As such, Brungardt said, “All Catholics have a moral obligation to keep [the] human rights catastrophe” of abortion “at the forefront of their minds when voting.”

“In our country, over one million unborn children are killed by abortion every single year,” he said.

The bishops warned that government agencies are increasingly “attempting to punish individuals and institutions that adhere to the truth that marriage can only be between a man and a woman, and that every child deserves a mother and a father.” They noted the role judges play in this crackdown.

Elaborating on this point, in a September 23 diocesan newspaper column titled In choosing presidents, we choose judges, too, Naumann wrote that “life is full of imperfect choices.”

Judges’ roles “determining public policy on such fundamental issues as abortion, the definition of marriage and the protection of conscience rights and religious liberty” have increased, the archbishop wrote. “Some judges have chosen to decide important social issues by inventing rights not found in the Constitution. They have disenfranchised Americans by usurping the responsibility of our elected representatives to determine public policy in these crucial areas.”

“In my opinion, one of the most significant responsibilities of the president is the appointment not only of Supreme Court justices, but all federal judges,” he continued. “Since more and more public policy issues are being decided by the courts — not the Congress or the state legislatures — the selection of judges has become extremely important.”

“The U.S. Supreme Court, just a little more than a year ago, redefined marriage, striking down the vast majority of state constitutions and legislation that recognized marriage as it has been understood for millennia between one man and one woman,” Naumann wrote. He also cited the Supreme Court’s refusal to hear the case of Washington state pharmacy owners who declined to provide customers with abortifacient drugs and Skagit County Superior Court’s ruling “that public hospitals in the state of Washington must perform abortions if they also offer maternity care, even if all of the hospital’s doctors and other medical staff conscientiously object to performing abortions.”

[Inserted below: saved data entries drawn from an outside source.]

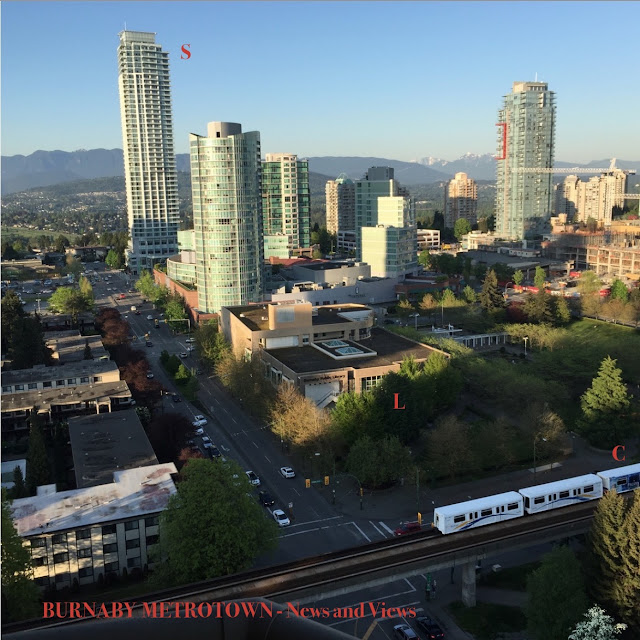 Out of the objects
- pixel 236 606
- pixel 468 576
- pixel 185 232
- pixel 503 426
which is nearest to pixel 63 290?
pixel 185 232

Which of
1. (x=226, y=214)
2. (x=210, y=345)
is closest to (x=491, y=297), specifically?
(x=226, y=214)

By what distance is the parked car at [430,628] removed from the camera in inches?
469

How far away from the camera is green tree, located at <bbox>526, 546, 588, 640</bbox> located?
36.2ft

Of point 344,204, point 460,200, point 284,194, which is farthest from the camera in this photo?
point 460,200

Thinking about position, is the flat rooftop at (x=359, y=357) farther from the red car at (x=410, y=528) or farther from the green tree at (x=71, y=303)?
the green tree at (x=71, y=303)

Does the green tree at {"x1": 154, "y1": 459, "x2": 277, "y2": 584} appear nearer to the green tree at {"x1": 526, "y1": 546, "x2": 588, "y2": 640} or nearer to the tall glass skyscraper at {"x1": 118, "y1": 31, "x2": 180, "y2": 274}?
the green tree at {"x1": 526, "y1": 546, "x2": 588, "y2": 640}

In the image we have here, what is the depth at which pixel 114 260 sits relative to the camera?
65188 mm

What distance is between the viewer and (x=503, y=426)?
18688mm

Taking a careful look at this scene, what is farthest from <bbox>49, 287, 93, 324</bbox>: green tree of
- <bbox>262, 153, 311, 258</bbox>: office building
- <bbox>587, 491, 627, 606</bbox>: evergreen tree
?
<bbox>587, 491, 627, 606</bbox>: evergreen tree

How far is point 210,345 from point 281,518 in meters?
14.4

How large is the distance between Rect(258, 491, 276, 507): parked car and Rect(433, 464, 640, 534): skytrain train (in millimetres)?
4520

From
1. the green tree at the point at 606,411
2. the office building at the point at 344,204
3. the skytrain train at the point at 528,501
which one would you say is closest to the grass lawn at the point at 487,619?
the skytrain train at the point at 528,501

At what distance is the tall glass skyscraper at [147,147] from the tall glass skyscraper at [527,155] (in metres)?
32.9

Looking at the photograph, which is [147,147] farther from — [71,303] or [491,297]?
[491,297] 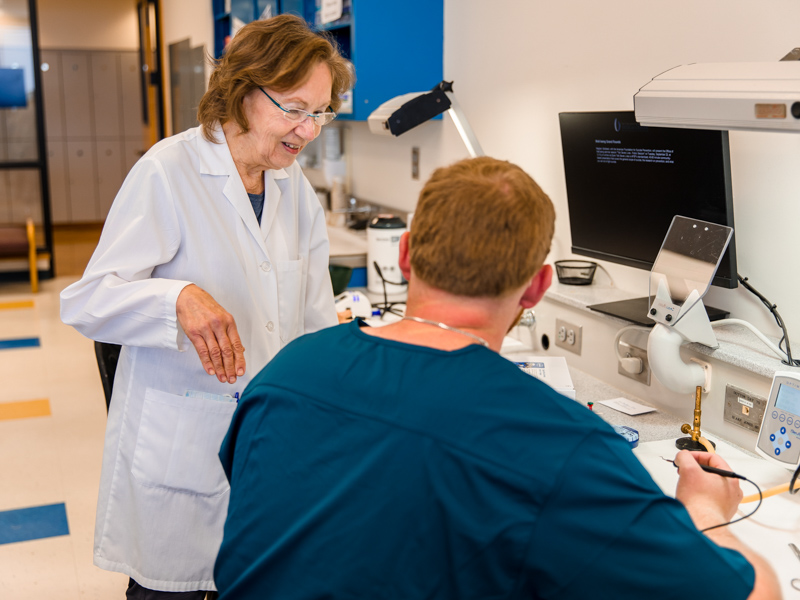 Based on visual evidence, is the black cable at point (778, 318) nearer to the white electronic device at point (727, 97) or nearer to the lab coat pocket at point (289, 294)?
the white electronic device at point (727, 97)

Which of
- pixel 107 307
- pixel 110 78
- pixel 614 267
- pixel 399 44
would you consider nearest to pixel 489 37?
pixel 399 44

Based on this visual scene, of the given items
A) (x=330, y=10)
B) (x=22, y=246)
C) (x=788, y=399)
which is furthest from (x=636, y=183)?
(x=22, y=246)

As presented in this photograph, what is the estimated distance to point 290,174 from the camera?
1765mm

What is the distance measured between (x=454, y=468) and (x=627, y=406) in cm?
129

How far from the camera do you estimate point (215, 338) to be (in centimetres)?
133

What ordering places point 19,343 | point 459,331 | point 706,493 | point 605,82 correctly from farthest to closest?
point 19,343, point 605,82, point 706,493, point 459,331

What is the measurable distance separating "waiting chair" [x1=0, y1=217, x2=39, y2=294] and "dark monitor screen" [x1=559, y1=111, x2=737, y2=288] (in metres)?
5.02

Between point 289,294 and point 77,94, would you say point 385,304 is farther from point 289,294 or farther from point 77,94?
point 77,94

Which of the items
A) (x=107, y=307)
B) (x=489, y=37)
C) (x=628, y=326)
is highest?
(x=489, y=37)

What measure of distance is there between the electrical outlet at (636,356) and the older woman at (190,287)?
3.15ft

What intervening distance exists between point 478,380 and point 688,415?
1.27 m

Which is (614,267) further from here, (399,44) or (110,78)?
(110,78)

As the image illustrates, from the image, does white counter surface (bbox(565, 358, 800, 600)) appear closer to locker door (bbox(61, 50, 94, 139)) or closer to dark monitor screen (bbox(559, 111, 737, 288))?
dark monitor screen (bbox(559, 111, 737, 288))

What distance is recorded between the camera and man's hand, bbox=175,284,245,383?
1.33m
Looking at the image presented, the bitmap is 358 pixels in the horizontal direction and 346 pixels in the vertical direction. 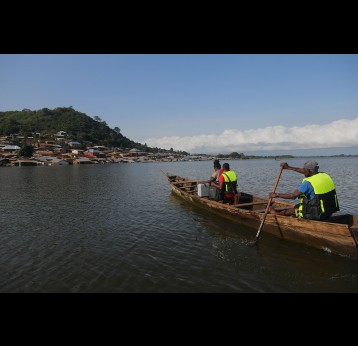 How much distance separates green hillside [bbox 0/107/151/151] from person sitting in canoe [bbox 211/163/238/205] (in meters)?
132

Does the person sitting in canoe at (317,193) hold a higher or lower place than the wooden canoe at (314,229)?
higher

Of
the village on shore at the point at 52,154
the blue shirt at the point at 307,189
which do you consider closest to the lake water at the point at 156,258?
the blue shirt at the point at 307,189

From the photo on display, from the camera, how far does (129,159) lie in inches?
5271

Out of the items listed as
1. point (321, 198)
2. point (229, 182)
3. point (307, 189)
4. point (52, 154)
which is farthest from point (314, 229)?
point (52, 154)

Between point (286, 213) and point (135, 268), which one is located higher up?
point (286, 213)

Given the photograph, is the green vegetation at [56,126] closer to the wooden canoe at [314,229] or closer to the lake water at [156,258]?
the lake water at [156,258]

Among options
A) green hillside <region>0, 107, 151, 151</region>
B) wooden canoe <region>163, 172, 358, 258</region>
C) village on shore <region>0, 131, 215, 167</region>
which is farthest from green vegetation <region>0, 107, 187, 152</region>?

In addition to judges, the people appointed to a president’s cabinet play a significant role in shaping policy, Naumann continued. He cited the HHS contraception and abortion mandate, the Department of Education’s recent threatening of Catholic colleges with the loss of federal financial aid unless they allow men in women’s restrooms and vice versa, and the Health and Human Services Office for Civil Rights declaration “contrary to the plain meaning of current federal law, that California’s Department of Managed Health Care may continue to force private health plans to cover elective abortions” as examples of the power the federal government can wield through its different agencies.

“The president of the United States exercises enormous power by his or her appointments to the court, the Cabinet and federal agencies and commissions,” Naumann wrote. “Remember: In choosing a president, we are also choosing judges as well as bureaucrats who will interpret legislation by the manner in which they choose to implement it.”

He implored Catholics to pray for America.

Some of the points Naumann’s raised are similar to what Priests for Life National Director Father Frank Pavone told LifeSiteNews in a series of interviews about Catholic voting.

When voting for president, “You are also putting someone in the office of the Secretary of State, the Surgeon General, the Attorney General, the Secretary of [Health and Human Services], and in fact thousands of positions in the federal administration — not to mention that you’re also putting a certain type of person on the Supreme Court, and on all the other federal courts that decide so many issues of public policy,” Pavone said.